Même si elles sont maintenant plus nombreuses que les hommes à obtenir un diplôme, les femmes sont encore sous-représentées dans le milieu universitaire.

Students research

Au Canada, si vous entrez dans à peu près n’importe quelle faculté universitaire, les étudiants que vous rencontrerez seront en majorité des femmes. Travail social, éducation, orthophonie, psychologie, médecine… À l’exception des sciences pures et appliquées (les femmes y représentent 43 pour cent des étudiants) et du génie (20 pour cent), au pays, 60 pour cent des diplômés universitaires sont des femmes.

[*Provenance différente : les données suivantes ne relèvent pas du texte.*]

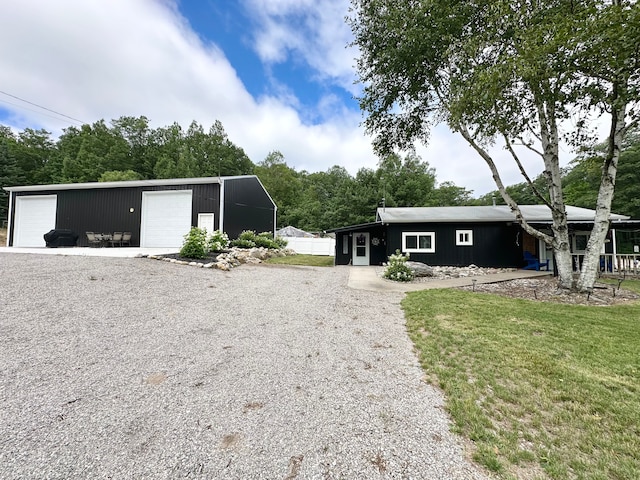 view of front of home with a front yard, an outbuilding, and a garage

Cette majorité s’estompe toutefois en passant aux études supérieures. Ces dames sont 54,4 pour cent à la maîtrise, puis 47,8 pour cent au doctorat. Dans le milieu universitaire professionnel, 48 pour cent d’entre elles sont professeures adjointes, 41 pour cent sont des professeures associées et 26 pour cent des professeurs titulaires.

Pour illustrer ce phénomène d’attrition, les experts parlent du « pipeline qui fuit ». « Plus on avance dans les carrières académiques, donc dans le niveau d’étude, plus on perd de femmes », mentionne Vincent Larivière, professeur agrégé à l’Université de Montréal, titulaire de la Chaire de recherche du Canada sur les transformations de la communication savante. « Le problème n’est pas nécessairement de convaincre les femmes de venir en sciences, mais plutôt de les garder », renchérit Paula Rochon, médecin gériatre et chercheuse senior au Women’s College Research Institute, à Toronto.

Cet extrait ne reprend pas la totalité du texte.